» **TASK ITEM**
Output the opening lines of the records exactly. End with the line that contains "Today we will".

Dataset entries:
↓

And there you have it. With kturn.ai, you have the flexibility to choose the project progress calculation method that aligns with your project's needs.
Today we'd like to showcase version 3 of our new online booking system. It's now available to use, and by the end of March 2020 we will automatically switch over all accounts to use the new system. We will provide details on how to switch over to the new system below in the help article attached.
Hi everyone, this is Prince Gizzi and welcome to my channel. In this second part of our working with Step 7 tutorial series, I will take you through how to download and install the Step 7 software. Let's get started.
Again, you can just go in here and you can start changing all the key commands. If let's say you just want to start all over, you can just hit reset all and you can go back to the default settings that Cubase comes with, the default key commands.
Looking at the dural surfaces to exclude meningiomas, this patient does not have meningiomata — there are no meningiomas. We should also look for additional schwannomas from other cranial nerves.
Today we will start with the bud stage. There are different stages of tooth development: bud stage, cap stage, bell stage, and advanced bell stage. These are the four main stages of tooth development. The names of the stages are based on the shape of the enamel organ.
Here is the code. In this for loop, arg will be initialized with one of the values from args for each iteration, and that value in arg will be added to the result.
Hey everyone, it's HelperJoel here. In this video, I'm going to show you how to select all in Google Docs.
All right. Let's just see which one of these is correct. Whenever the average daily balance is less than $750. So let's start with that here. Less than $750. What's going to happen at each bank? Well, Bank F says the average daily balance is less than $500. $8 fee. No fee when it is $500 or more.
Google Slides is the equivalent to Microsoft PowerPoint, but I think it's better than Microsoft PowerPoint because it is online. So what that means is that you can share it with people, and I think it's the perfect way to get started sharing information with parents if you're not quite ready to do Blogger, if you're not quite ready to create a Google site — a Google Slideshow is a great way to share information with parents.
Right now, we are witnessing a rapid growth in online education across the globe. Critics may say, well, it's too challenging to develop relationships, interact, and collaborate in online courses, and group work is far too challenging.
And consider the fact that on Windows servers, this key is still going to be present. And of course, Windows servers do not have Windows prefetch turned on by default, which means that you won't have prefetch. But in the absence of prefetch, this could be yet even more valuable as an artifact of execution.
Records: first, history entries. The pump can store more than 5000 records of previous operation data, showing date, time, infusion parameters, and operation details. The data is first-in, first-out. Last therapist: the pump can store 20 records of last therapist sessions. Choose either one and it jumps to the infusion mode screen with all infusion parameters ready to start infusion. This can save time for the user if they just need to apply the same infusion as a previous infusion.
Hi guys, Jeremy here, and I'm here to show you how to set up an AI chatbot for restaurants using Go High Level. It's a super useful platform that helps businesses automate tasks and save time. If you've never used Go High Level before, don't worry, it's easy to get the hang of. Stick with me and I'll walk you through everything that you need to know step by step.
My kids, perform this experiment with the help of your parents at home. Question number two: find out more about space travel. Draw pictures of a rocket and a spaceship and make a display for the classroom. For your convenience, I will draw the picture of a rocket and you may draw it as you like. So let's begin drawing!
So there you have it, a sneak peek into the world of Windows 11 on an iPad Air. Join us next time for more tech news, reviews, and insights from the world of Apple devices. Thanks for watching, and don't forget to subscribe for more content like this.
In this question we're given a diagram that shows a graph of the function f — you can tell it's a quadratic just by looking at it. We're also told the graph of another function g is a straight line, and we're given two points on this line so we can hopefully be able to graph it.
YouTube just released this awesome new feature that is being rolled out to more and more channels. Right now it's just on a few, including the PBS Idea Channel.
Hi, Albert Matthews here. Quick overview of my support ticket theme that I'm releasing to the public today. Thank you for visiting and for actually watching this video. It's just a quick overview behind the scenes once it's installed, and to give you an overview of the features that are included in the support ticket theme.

↑

» **ANSWER BOX**
And there you have it. With kturn.ai, you have the flexibility to choose the project progress calculation method that aligns with your project's needs.
Today we'd like to showcase version 3 of our new online booking system. It's now available to use, and by the end of March 2020 we will automatically switch over all accounts to use the new system. We will provide details on how to switch over to the new system below in the help article attached.
Hi everyone, this is Prince Gizzi and welcome to my channel. In this second part of our working with Step 7 tutorial series, I will take you through how to download and install the Step 7 software. Let's get started.
Again, you can just go in here and you can start changing all the key commands. If let's say you just want to start all over, you can just hit reset all and you can go back to the default settings that Cubase comes with, the default key commands.
Looking at the dural surfaces to exclude meningiomas, this patient does not have meningiomata — there are no meningiomas. We should also look for additional schwannomas from other cranial nerves.
Today we will start with the bud stage. There are different stages of tooth development: bud stage, cap stage, bell stage, and advanced bell stage. These are the four main stages of tooth development. The names of the stages are based on the shape of the enamel organ.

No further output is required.